Brief descriptive captions
***

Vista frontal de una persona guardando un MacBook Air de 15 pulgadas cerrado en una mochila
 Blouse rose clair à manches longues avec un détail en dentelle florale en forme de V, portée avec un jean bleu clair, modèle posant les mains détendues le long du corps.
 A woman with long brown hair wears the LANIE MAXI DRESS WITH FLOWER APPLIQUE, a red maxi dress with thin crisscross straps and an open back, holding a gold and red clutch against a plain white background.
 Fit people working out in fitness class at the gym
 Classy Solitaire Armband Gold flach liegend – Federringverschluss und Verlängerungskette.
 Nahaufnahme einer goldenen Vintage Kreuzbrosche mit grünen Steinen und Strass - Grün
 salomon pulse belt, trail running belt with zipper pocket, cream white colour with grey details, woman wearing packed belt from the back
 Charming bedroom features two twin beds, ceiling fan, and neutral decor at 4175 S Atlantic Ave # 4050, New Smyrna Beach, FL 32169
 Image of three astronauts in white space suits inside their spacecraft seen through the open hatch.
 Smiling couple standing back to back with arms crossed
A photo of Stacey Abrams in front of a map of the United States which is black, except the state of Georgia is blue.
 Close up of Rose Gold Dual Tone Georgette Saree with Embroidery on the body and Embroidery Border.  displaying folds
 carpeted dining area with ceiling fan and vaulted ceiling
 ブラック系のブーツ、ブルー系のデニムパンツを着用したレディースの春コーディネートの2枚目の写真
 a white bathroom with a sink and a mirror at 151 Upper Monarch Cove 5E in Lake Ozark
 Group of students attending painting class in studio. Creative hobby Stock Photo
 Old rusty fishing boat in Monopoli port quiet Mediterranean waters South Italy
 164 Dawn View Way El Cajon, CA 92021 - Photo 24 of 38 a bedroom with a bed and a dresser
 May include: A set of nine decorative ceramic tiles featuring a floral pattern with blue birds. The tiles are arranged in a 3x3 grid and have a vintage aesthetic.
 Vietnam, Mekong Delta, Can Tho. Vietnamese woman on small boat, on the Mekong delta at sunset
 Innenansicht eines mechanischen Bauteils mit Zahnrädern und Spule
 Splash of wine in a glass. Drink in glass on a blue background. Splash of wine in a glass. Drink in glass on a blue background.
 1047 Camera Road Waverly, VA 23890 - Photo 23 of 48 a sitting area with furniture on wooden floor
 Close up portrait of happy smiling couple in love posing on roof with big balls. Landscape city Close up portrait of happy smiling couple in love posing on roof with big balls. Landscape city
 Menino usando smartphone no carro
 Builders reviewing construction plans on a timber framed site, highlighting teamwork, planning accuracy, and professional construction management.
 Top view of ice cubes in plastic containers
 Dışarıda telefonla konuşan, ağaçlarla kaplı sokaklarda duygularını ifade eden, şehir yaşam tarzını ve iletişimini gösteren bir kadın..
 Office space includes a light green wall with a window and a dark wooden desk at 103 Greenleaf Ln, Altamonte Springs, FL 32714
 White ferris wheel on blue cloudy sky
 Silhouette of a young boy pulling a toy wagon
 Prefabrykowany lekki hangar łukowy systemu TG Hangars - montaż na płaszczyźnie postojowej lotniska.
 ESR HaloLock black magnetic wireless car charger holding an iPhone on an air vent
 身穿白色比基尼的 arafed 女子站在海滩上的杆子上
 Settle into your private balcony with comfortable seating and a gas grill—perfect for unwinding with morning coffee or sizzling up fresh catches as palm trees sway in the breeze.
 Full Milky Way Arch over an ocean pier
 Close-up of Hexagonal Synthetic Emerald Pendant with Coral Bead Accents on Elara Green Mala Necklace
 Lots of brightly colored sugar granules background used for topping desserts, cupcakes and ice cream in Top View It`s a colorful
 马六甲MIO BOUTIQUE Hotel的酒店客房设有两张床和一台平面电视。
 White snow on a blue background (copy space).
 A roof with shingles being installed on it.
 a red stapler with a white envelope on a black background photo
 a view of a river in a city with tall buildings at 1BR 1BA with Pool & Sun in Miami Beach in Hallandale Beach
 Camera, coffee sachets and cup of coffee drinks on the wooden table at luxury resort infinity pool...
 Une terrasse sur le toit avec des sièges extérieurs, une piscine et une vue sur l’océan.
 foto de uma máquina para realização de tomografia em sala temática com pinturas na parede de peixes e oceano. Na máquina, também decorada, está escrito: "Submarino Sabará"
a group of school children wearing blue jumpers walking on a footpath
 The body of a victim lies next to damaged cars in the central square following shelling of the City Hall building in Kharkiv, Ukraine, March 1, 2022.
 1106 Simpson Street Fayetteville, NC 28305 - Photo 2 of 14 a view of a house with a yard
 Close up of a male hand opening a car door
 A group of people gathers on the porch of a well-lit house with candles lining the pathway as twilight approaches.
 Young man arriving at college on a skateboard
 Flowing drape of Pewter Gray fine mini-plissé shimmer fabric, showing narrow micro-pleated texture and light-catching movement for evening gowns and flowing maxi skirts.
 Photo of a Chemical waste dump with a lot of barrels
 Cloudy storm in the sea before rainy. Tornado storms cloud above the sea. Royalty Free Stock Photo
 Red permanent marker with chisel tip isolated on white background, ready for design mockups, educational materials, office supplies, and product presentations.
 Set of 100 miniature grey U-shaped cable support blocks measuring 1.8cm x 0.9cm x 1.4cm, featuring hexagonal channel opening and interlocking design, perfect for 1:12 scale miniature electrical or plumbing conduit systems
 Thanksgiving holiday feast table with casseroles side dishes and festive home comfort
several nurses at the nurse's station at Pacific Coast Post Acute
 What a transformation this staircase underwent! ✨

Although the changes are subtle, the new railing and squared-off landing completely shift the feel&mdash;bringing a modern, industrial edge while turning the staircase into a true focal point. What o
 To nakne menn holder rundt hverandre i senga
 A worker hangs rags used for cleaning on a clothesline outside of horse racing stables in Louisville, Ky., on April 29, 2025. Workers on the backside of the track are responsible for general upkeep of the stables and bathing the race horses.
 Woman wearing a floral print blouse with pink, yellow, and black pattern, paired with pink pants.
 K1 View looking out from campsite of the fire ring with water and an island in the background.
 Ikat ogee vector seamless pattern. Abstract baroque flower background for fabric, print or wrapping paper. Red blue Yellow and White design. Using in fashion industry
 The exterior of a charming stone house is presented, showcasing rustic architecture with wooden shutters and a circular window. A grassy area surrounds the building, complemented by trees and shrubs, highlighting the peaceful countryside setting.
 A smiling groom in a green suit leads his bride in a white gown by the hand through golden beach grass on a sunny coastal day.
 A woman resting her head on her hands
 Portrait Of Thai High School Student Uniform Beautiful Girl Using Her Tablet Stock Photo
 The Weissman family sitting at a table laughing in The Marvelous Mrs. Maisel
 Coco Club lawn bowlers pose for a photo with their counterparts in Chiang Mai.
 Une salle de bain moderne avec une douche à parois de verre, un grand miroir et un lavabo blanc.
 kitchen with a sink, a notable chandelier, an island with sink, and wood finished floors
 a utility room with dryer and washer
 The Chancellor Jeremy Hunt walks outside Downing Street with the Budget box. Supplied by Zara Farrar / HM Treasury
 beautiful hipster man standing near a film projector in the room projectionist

***

EXERCISE REQUIREMENTS: Whenever the word "wearing" appears in a line of the data above, that line counts. Say how many lines count, and nothing more.

TASK SOLUTION: 3